On Thu, Oct 27, 2016 at 1:53 PM, Chaitanya Chebolu <
[email protected]> wrote:

> Hi All,
>
>   I am planning to implement the approach (2) of S3 Output Module which I
> proposed in my previous email. Performance would be better as compared to
> approach (1) because of uploading the blocks without saving it on HDFS.
>
>   Please share your opinions.
>
> Regards,
> Chaitanya
>
> On Thu, Oct 20, 2016 at 8:11 PM, Chaitanya Chebolu <
> [email protected]> wrote:
>
> > Hi All,
> >
> > I am proposing the below new design for S3 Output Module using multi part
> > upload feature:
> >
> > Input to this Module: FileMetadata, FileBlockMetadata, ReaderRecord
> >
> > Steps for uploading files using S3 multipart feature:
> >
> > =============================
> >
> >    1.
> >
> >    Initiate the upload. S3 will return upload id.
> >
> > Mandatory : bucket name, file path
> >
> > Note: Upload id is the unique identifier for multi part upload of a file.
> >
> >    1.
> >
> >    Upload each block using the received upload id.

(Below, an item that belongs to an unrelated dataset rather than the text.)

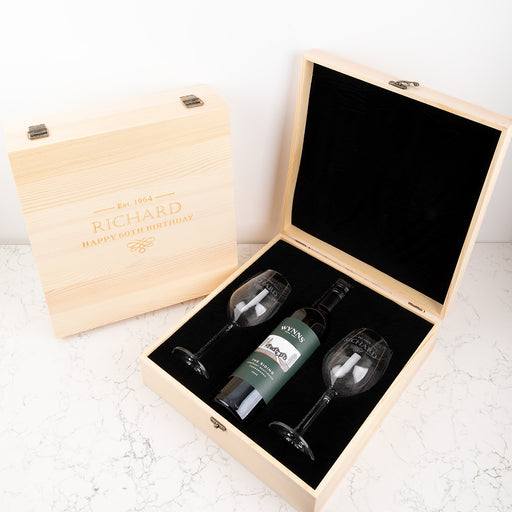 Personalised wine glass gift set with engraved wooden box for milestone birthday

S3 will return ETag in
> >    response of each upload.
> >
> > Mandatory: block number, upload id
> >
> >    1.
> >
> >    Send the merge request by providing the upload id and list of ETags .
> >
> > Mandatory: upload id, file path, block ETags.
> >
> > Here
> > <http://docs.aws.amazon.com/AmazonS3/latest/dev/llJavaUploadFile.html>
> is
> > an example link for uploading a file using multi part feature:
> >
> >
> > I am proposing the below two approaches for S3 output module.
> >
> >
> > (Solution 1)
> >
> > S3 Output Module consists of the below two operators:
> >
> > 1) BlockWriter : Write the blocks into the HDFS. Once successfully
> written
> > into HDFS, then this will emit the BlockMetadata.
> >
> > 2) S3MultiPartUpload: This consists of two parts:
> >
> >      a) If the number of blocks of a file is > 1 then upload the blocks
> > using multi part feature. Otherwise, will upload the block using
> > putObject().
> >
> >      b) Once all the blocks are successfully uploaded then will send the
> > merge complete request.
> >
> >
> > (Solution 2)
> >
> > DAG for this solution as follows:
> >
> > 1) InitateS3Upload:
> >
> > Input: FileMetadata
> >
> > Initiates the upload. This operator emits (filemetadata, uploadId) to
> > S3FileMerger and (filePath, uploadId) to S3BlockUpload.
> >
> > 2) S3BlockUpload:
> >
> > Input: FileBlockMetadata, ReaderRecord
> >
> > Upload the blocks into S3. S3 will return ETag for each upload.
> > S3BlockUpload emits (path, ETag) to S3FileMerger.
> >
> > 3) S3FileMerger: Sends the file merge request to S3.
> >
> > Pros:
> >
> > (1) Supports the size of file to upload is up to 5 TB.
> >
> > (2) Reduces the end to end latency. Because, we are not waiting to upload
> > until all the blocks of a file written to HDFS.
> >
> > Please vote and share your thoughts on these approaches.
> >
> > Regards,
> > Chaitanya
> >
> > On Tue, Mar 29, 2016 at 2:35 PM, Chaitanya Chebolu <
> > [email protected]> wrote:
> >
> >> @ Tushar
> >>
> >>   S3 Copy Output Module consists of following operators:
> >> 1) BlockWriter : Writes the blocks into the HDFS.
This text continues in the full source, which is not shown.